Chamber Music Society of Lincoln Center at Alice Tully Hall – Reicha, Beethoven, Ligeti, Françaix & Poulenc

Reicha 
Wind Quintet in E-minor, Op.88/1 
Beethoven 
Piano and Wind Quintet, Op.16
Ligeti 
Six Bagatelles
Françaix
L’heure du berger
Poulenc 
Sextet

Tara Helen O’Connor (flute), Hugo Souza (oboe), Sebastian Manz (clarinet), Marc Goldberg (bassoon), & David Byrd-Marrow (horn) with Juho Pohjonen (piano)


3 of 5 stars

Reviewed by: Susan Stempleski

Reviewed: 13 July, 2022
Venue: Alice Tully Hall, Lincoln Center, New York City

Summer breezes swept through Alice Tully Hall as five Chamber Music Society wind-players and Juho Pohjonen delivered masterly performances. 

Things got off to a festive start with a perfectly paced rendition of the first of Anton Reicha’s twenty-four Wind Quintets. Playing with splendid intonation and balance, the musicians unveiled the score’s kaleidoscope of colors in the largely folk-inspired score with unobtrusive clarity. The highlight was the charming set of variations in the second movement, where they gracefully navigated each of their solo moments.

Things became more serious with Beethoven. Pohjonen took a spirited lead throughout but was especially striking in the cadenza-like flourishes of the introduction, marked Grave.  David Byrd-Marrow’s delivery of the hazardous horn arpeggio in the ensuing Allegro proper was nothing less than thrilling. All the wind-players distinguished themselves in the intriguing interplay of the Andante, and the Finale was appropriately sprightly.

Post-intermission brought us into the twentieth-century and the highpoint of the evening: a highly animated reading of György Ligeti’s Six Bagatelles. Brief, unpretentious and pungent, each one expresses a distinct mood. Most are playful, but two – one dedicated to and reminiscent of Bartók – begin and end slowly. As performed by these virtuosos, who easily managed all the meter changes and accentuated the humor of the music, all were intense and memorable, but especially the third, Allegro grazioso, marked by especially witty and nimble contributions from Tara Helen O’Connor and Hugo Souza. 
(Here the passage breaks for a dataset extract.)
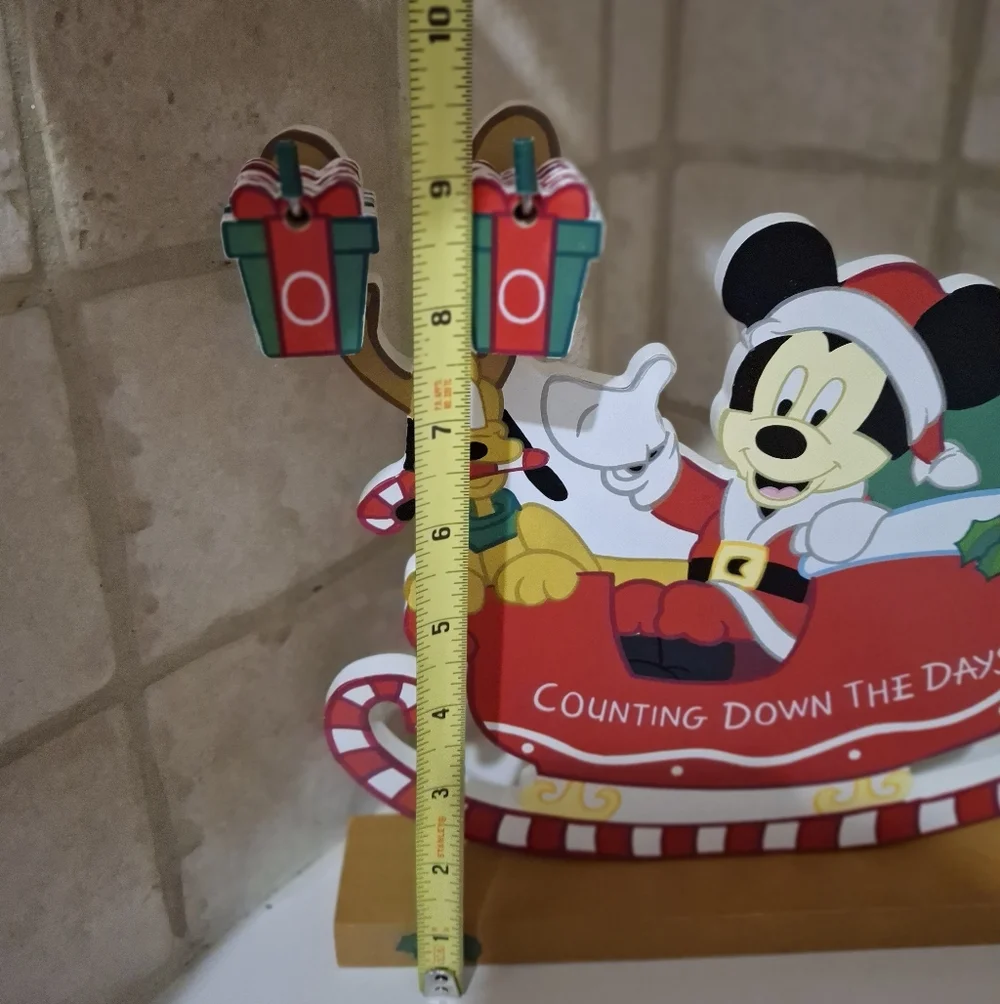 Vintage Disney Mickey Mouse Christmas Count Down Calendar Wooden Santa Sleigh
Next came another brief and whimsical piece, Jean Françaix’s L’heure du berger. The three movements provide a description of characters seen dining in a Parisian café. The most unforgettable in this fresh and fun-filled performance was the languid second, ‘Pin-up Girls’, made vivid by Sebastian Manz’s deft and sensual clarinet solo and Byrd-Marrow’s fine work on the horn.

A bravura performance of Poulenc’s jazzy Sextet, bursting with zest and character concluded the program. Though mostly light-hearted in tone, the score is fiendishly difficult, but the musicians were more than up to the mark, delivering a memorable account that conveyed the music’s melancholy as well as its wit.